▶ Data extracts
● ● ●
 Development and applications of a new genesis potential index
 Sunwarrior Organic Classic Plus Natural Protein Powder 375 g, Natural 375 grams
● ● ●
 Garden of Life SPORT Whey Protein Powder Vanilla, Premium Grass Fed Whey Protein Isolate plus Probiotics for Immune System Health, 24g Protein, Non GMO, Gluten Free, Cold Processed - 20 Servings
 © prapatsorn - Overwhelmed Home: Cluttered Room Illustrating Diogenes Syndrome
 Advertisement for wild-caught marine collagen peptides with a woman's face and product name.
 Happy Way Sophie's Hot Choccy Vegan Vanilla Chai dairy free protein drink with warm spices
● ● ●
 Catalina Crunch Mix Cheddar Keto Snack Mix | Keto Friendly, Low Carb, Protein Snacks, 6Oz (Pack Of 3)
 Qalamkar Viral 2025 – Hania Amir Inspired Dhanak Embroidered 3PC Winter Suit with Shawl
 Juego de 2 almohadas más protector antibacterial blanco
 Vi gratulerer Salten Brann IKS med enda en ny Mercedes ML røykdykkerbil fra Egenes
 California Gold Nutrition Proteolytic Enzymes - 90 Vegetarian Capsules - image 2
● ● ●
In the listing above, find the line with "Advertisement for wild-caught" and the line with "Happy Way Sophie's", then print exactly those two lines and every line between them, and nothing more.

▶ Final answer
 Advertisement for wild-caught marine collagen peptides with a woman's face and product name.
 Happy Way Sophie's Hot Choccy Vegan Vanilla Chai dairy free protein drink with warm spices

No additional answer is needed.